When reviewing these results, it's important to remember (1) the assumptions, (2) A is considered to be the better team, and (3) I assumed that momentum is not a real thing in playoff series - and only described as such after the fact.

The bold is counterintuitive. A has a better chance of winning in 7 if they lose the first 3 than in 6 if they lose their first 2? Is it because of the option for A to win in 7 if they lose their first 2? So then a loss there gets added to the "win in 7" option and thus it's winning the series 21% of the time meanwhile a loss for lose the first 3 gets added to the lose in 4-6 option and they win the series only 12% of the time instead of 21%? I guess that makes sense.

 

[Bear of Bad News]

Under the assumptions I used, the last result is straightforward to explain.
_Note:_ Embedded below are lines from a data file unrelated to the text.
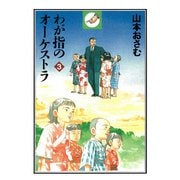 わが指のオーケストラ 3（小学館） [電子書籍]
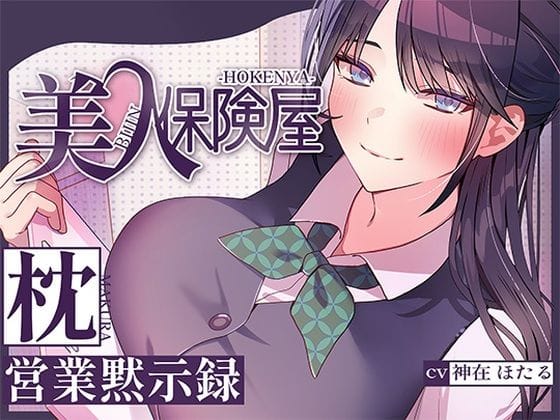 【漫画フルDL】d_716129 | 美人保険屋の枕営業黙示録 | ヒトづまパラダイス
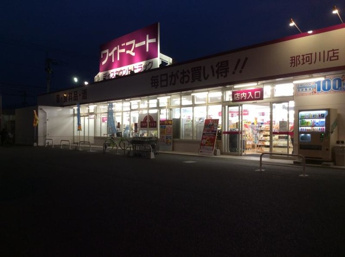 【周辺】 | ワイドマート ドラッグ＆フード那珂川店 0.8km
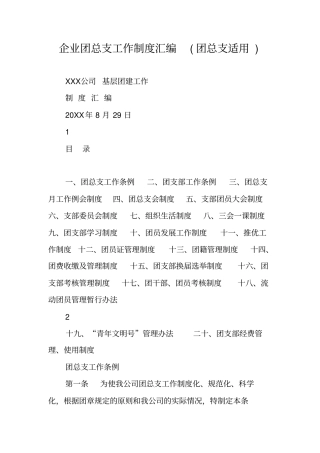 企业团总支工作制度汇编团总支适用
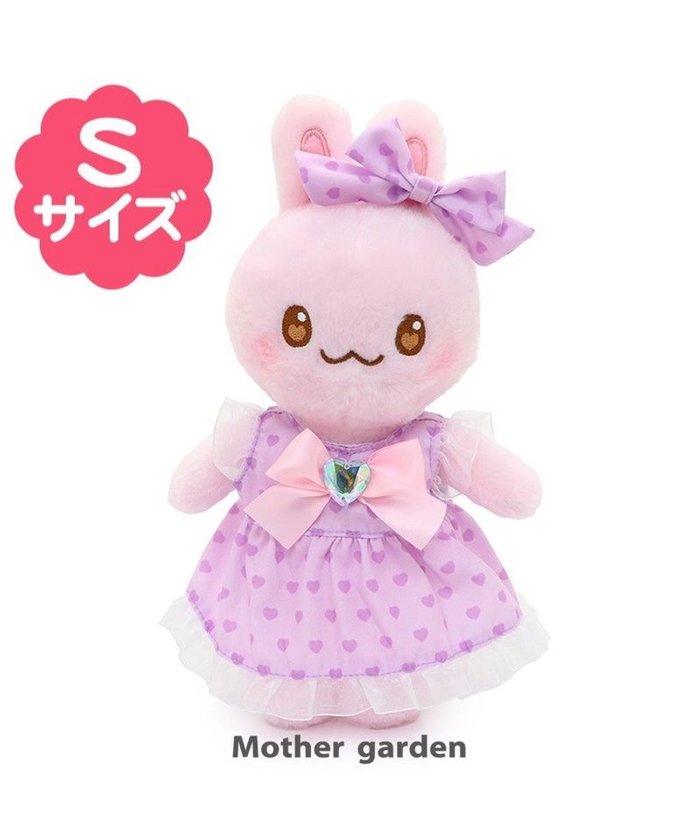 【マザーガーデン/Mother garden / KIDS】のマザーガーデン むねきゅん ハートシリーズ うさももちゃん プチマスコット Sサイズ インテリア・キッズ・メンズ・レディースファッション・服の通販 founy(ファニー) https://founy.com/ ファッション Fashion キッズファッション KIDS ガーデン Garden クリスマス X'mas Christmas Xmas リボン Ribbon |ID: prp329100002863815 ipo3291000000029391957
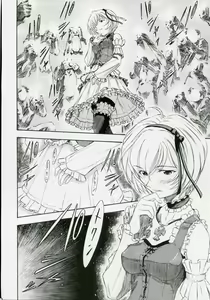 Page 13 of Ayanami Kuro - preview thumbnail
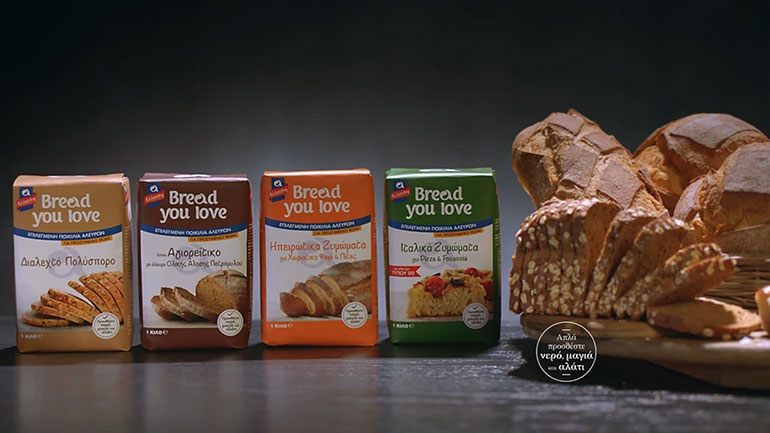 Nέα σειρά επιλεγμένων ποικιλιών αλεύρων ΑΛΛΑΤΙΝΗ «Bread you Love» Nέα σειρά επιλεγμένων ποικιλιών αλεύρων ΑΛΛΑΤΙΝΗ «Bread you Love»
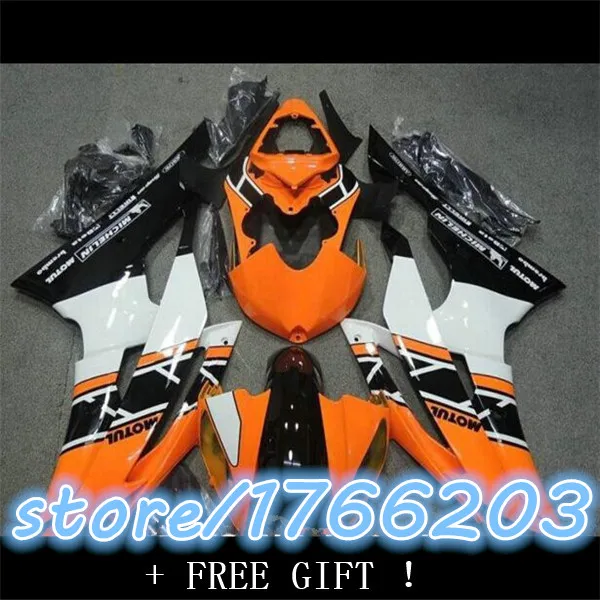 

YZF R6 08 09 10 11 orange Body Kit Fairing for YZF 600 11 10 09 08 YZFR-6 08-11 YZFR6 2008 2009 2010 2011 Ning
Given that B wins the first three games, for A to win the series, they have to win game four, five, six, and seven:

Game Four (on the road): 50% chance of winning
Game Five (at home): 70% chance of winning
Game Six (on the road): 50% chance of winning
Game Seven (at home): 70% chance of winning

So the probability of this event is 0.5*0.7*0.5*0.7 = 12.25%

Part of this is that I assume that A is the better team. If B finds itself in a similar situation, then the probability is 0.5*0.3*0.5*0.3 = 2.25%.

 

[Bear of Bad News]

As for the disparity between the two bolded numbers...

If B leads the series 2-0, A has a 30% chance of winning the series (9% + 21%).

If B leads the series, 3-0, A has a 12% chance of winning the series.

 

[Mike Martin]

Well you have the same effect down 3-1. I did once check and teams that win game 4 after being down 3-0 have a similar success rate for coming back than teams that are down 3-1 in any other scenario. I checked each path of getting to 3-1 and compared it to getting there by winning the 4th game. The reason I checked each past is because there are 3 different ways to get to 3-1 without losing the first 3, so you have a much bigger sample size than if you get there by losing the first 3.

When a team is down 3-0 they have no evidence that they can beat the other team, down 3-1 at least you have that game you won to look back on to prove it can be done. That must be a major boost of confidence.

 

[SnowblindNYR]

As for the disparity between the two bolded numbers...

If B leads the series 2-0, A has a 30% chance of winning the series (9% + 21%).

If B leads the series, 3-0, A has a 12% chance of winning the series.

Yeah but specifically winning in 6 if you're down 2-0 is less than winning in seven when you're down 3-0, but I guess that's just the weird breakdown of home/away games.

 

[Bear of Bad News]

Yeah but specifically winning in 6 if you're down 2-0 is less than winning in seven when you're down 3-0, but I guess that's just the weird breakdown of home/away games.

That's exactly right - in the example you cite, team A is down 2-0. To win four straight, they need to win three road games and one home game: 0.5*0.5*0.5*0.7 = 8.75% probability.

If they are down 3-0, then to win four straight, they need to win two road games and two home games: 0.5*0.5*0.7*0.7 = 12.25% probability.